● **AIM OF THE EXERCISE**: Below is a set of entries. Reproduce exactly the lines from the one containing "aluminum structure warehouse" through the end, both included.

● **RECORDS PROVIDED**:

========================================

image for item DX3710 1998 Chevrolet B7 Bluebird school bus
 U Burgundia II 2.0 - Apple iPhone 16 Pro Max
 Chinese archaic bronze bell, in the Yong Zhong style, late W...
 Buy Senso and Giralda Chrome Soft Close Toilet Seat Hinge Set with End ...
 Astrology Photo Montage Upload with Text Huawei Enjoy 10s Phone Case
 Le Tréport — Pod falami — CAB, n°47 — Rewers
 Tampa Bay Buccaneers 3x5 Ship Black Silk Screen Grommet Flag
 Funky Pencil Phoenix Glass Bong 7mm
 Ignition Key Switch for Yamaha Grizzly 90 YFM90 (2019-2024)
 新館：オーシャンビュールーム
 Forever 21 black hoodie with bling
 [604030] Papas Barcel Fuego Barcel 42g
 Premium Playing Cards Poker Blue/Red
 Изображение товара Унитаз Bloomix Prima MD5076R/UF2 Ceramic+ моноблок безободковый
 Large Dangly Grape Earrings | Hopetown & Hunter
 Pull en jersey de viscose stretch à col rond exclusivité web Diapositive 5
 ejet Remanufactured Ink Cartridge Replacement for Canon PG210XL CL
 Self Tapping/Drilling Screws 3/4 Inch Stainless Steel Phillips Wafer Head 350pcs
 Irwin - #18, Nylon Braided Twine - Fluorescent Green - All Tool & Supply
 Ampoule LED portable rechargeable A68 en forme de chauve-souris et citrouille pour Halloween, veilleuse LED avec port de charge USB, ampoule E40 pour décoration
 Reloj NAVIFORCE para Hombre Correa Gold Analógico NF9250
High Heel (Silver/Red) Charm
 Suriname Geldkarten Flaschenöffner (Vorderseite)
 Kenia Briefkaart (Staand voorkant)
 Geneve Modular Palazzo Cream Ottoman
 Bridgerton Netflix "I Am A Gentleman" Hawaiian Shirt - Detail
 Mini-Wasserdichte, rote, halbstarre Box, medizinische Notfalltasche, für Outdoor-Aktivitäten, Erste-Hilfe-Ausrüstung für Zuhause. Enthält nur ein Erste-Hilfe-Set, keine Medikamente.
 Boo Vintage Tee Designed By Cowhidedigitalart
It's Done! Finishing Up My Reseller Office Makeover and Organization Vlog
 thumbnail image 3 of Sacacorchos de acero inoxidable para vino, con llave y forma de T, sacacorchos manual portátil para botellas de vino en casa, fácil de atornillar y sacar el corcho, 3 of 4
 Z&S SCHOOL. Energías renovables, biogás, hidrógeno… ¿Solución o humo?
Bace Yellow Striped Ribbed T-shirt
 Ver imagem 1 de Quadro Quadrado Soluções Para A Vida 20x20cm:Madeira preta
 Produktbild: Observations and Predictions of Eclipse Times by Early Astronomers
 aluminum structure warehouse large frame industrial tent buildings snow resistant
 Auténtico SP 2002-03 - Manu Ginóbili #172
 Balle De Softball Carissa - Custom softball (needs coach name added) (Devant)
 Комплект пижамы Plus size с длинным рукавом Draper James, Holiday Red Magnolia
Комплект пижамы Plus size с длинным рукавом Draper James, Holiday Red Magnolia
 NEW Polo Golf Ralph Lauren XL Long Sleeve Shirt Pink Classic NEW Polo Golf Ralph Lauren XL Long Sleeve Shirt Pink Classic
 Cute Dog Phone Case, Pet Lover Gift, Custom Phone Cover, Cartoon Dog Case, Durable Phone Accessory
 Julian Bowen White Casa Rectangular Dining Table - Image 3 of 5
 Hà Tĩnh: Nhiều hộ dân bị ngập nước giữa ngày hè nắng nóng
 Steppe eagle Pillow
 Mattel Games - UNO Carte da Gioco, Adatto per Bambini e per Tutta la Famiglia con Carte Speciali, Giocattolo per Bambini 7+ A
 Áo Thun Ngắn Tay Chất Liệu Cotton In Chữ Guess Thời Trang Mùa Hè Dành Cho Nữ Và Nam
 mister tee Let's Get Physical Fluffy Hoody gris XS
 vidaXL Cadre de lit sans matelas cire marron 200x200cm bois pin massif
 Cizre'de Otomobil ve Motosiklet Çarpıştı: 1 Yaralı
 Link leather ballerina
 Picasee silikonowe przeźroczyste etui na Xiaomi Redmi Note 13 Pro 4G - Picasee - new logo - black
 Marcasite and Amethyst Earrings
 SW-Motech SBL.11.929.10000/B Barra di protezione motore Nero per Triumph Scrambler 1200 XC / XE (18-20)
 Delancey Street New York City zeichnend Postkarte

========================================

● **EXERCISE SOLUTION**:
 aluminum structure warehouse large frame industrial tent buildings snow resistant
 Auténtico SP 2002-03 - Manu Ginóbili #172
 Balle De Softball Carissa - Custom softball (needs coach name added) (Devant)
 Комплект пижамы Plus size с длинным рукавом Draper James, Holiday Red Magnolia
Комплект пижамы Plus size с длинным рукавом Draper James, Holiday Red Magnolia
 NEW Polo Golf Ralph Lauren XL Long Sleeve Shirt Pink Classic NEW Polo Golf Ralph Lauren XL Long Sleeve Shirt Pink Classic
 Cute Dog Phone Case, Pet Lover Gift, Custom Phone Cover, Cartoon Dog Case, Durable Phone Accessory
 Julian Bowen White Casa Rectangular Dining Table - Image 3 of 5
 Hà Tĩnh: Nhiều hộ dân bị ngập nước giữa ngày hè nắng nóng
 Steppe eagle Pillow
 Mattel Games - UNO Carte da Gioco, Adatto per Bambini e per Tutta la Famiglia con Carte Speciali, Giocattolo per Bambini 7+ A
 Áo Thun Ngắn Tay Chất Liệu Cotton In Chữ Guess Thời Trang Mùa Hè Dành Cho Nữ Và Nam
 mister tee Let's Get Physical Fluffy Hoody gris XS
 vidaXL Cadre de lit sans matelas cire marron 200x200cm bois pin massif
 Cizre'de Otomobil ve Motosiklet Çarpıştı: 1 Yaralı
 Link leather ballerina
 Picasee silikonowe przeźroczyste etui na Xiaomi Redmi Note 13 Pro 4G - Picasee - new logo - black
 Marcasite and Amethyst Earrings
 SW-Motech SBL.11.929.10000/B Barra di protezione motore Nero per Triumph Scrambler 1200 XC / XE (18-20)
 Delancey Street New York City zeichnend Postkarte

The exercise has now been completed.